Ein Lob auf die Hässlichkeit
Um darüber nachzudenken, wäre erst einmal zu klären, was überhaupt hässlich ist. Das ist – genau wie bei der Schönheit – bekanntlich nicht ganz einfach. An abstrakten Skulpturen, moderner Architektur, Kriegswaffen, aber auch bestimmten Tieren – ich denke da an Kraken, Anglerfische, Nacktmulle, Chihuahuas – scheiden sich oft die Geister. Sogar manch ein Hund kann abstoßend hässlich sein.
Ein Buch, das ich gerade in der Lehre behandle, »Functional Beauty« der Philosophen Glenn Parsons und Allen Carlson, löst das Problem einfach durch Definition: indem es Schönheit und ästhetische Wertschätzung gleichsetzt. Nach dieser Auffassung können wir nichts Hässliches ästhetisch wertschätzen, weil es sonst ja gar nicht hässlich wäre.
Wollen wir das Hässliche wertschätzen, dann können wir das auf eine Weise, die mit Ästhetik nichts zu tun hat. Stellen Sie sich zum Beispiel ein völlig verbautes und zutiefst geschmacklos eingerichtetes Businesshotel vor, das aber perfekt gelegen ist, ein hervorragendes Frühstück und erstklassigen Service anbietet und obendrein erstaunlich gute Preise hat. Das kann es geben, doch irgendwie geht das am Punkt vorbei: Die Hässlichkeit wird hier zur verschmerzbaren Nebensache; dass man einen Gegenstand für eine Eigenschaft loben und dabei von einer anderen absehen kann, ist trivial. Uns beschäftigt aber vielmehr, ob man das Hässliche als Hässliches würdigen kann.

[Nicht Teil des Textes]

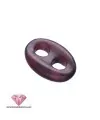 Ojo de Gato Calabrote 34x24mm, Amatista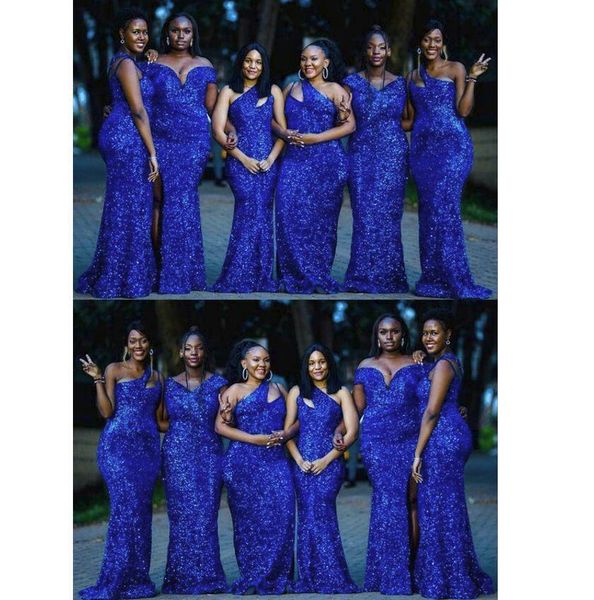 party dresses royal blue sequins bridesmaid mermaid multi style plus size women formal evening gowns sleeveless reception 230221, White;black
party dresses royal blue sequins bridesmaid mermaid multi style plus size women formal evening gowns sleeveless reception 230221, White;black
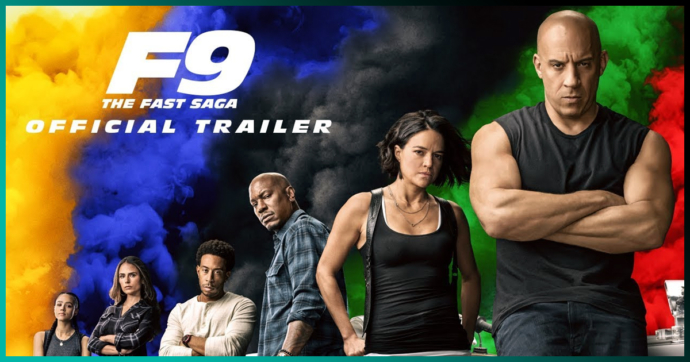 ‘Fast & Furious 9’ estrena trailer y sí, la saga se va al espacio exterior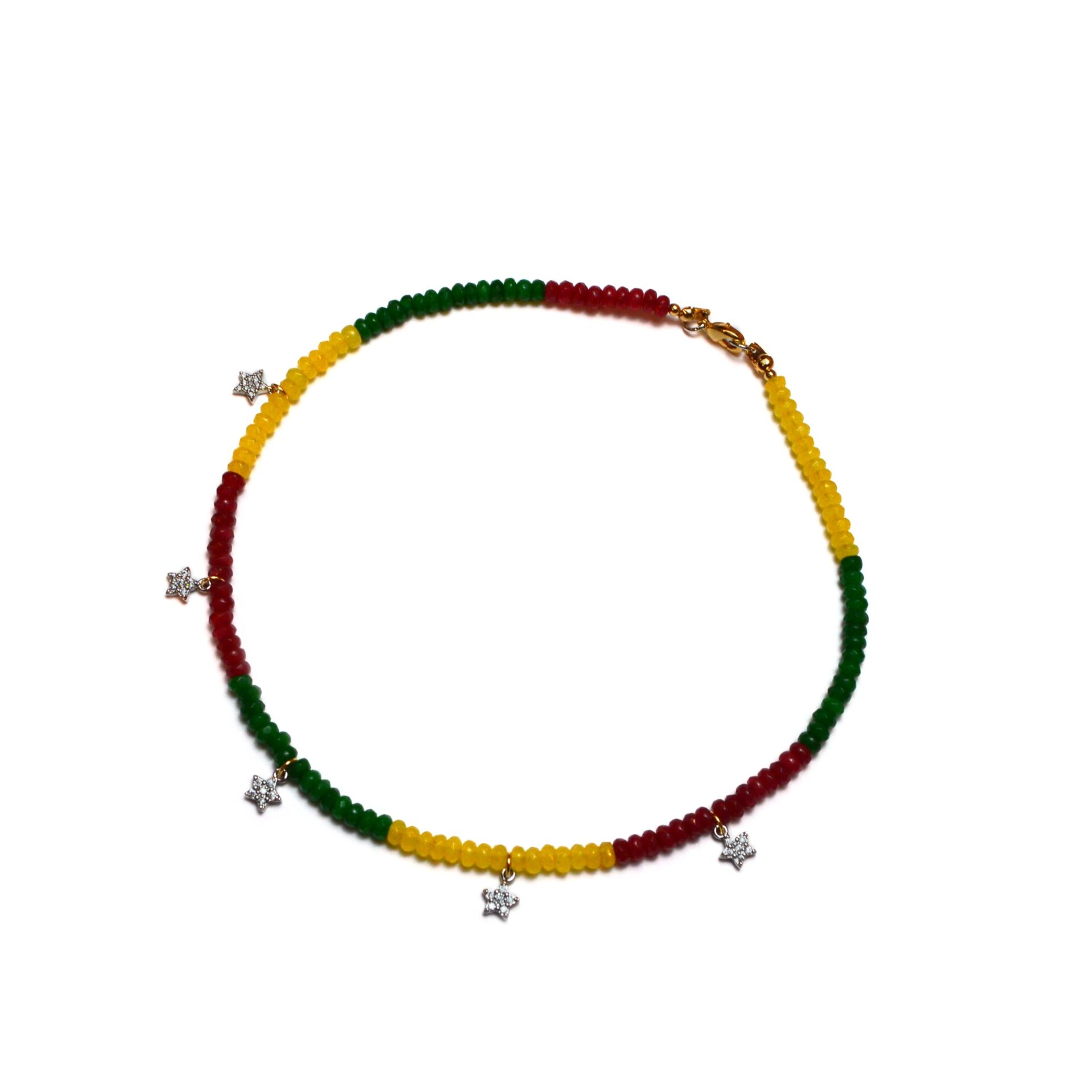 Jamaica Quartz Stars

Ein Argument dafür ist, dass das Hässliche schon allein als Kontrast zum Schönen gebraucht wird. Wenn alles schön wäre, wäre nichts schön. (Auch Gernhardts Gedicht enthält einen ähnlichen Gedanken.) Damit ist aber nichts dazu gesagt, wie viel Hässliches es zu geben braucht und wie es verteilt sein sollte. Muss in einer Stadt jedes zweite Haus hässlich sein, damit die schönen Häuser als solche auffallen können? Oder nur jedes zehnte? Reicht es vielleicht, wenn es im ganzen Land eine einzige hässliche Straßenzeile gibt? Dass die abstrakte Eigenschaft des Hässlichen irgendwie nötig sein könnte, lässt kaum verbindliche Schlüsse dazu zu, welche hässlichen Gegenstände man loben sollte und warum.
Die Kunst des Hässlichen
Ein anderes Argument bezieht sich auf das Hässliche spezifisch in der Kunst: Es gibt die Forderung, dass gesellschaftliche und politische Verhältnisse, die Hässliches hervorbringen, auch abgebildet werden müssen. Verwüstungen des Krieges, Hungersnot, Umweltzerstörung, Unterdrückung, Gewalt und so weiter sind – ästhetisch betrachtet – hässlich. Es ist aber geradezu moralisch geboten, dass hässliche Kunst geschaffen wird, die derartige Zustände abbildet. Und dies lässt sich über die reine Abbildung hinaus ins Metaphorische heben: Es gibt widerwärtige Arten des Denkens und Fühlens, die es verdienen, dass sie angeprangert werden, und das ist nur durch Hässlichkeit in der Darstellung möglich. Georg Scholz’ berühmtes Bild »Industriebauern« von 1920 ist hier ein gutes Beispiel.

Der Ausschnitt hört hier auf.